> [Your objective]:
Beneath this line are entries. Copy the range from the line with "b0158746_16575317.jpg" to the line with "3426 Dobbs Rd, Alexander City, AL 35010", ends included, exactly; leave pictures out.

> [Record excerpts]:

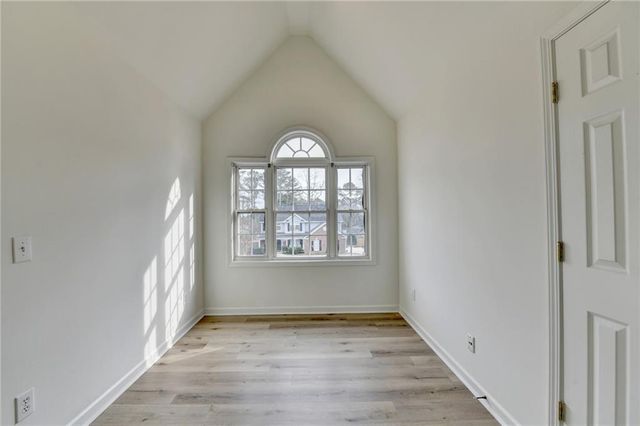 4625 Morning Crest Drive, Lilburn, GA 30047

---

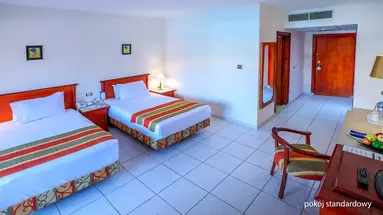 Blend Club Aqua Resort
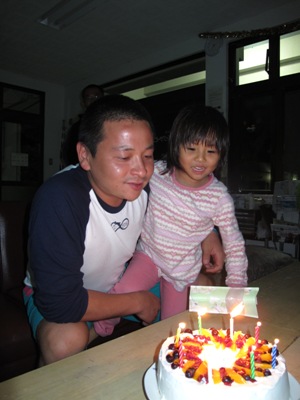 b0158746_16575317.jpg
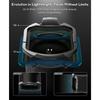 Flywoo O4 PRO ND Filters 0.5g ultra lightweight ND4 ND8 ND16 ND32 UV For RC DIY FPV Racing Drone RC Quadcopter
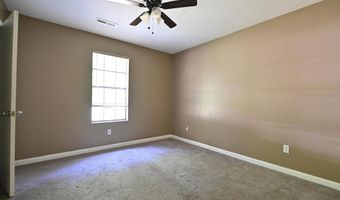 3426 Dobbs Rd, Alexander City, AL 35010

> [Written solution]:
 b0158746_16575317.jpg
 Flywoo O4 PRO ND Filters 0.5g ultra lightweight ND4 ND8 ND16 ND32 UV For RC DIY FPV Racing Drone RC Quadcopter
 3426 Dobbs Rd, Alexander City, AL 35010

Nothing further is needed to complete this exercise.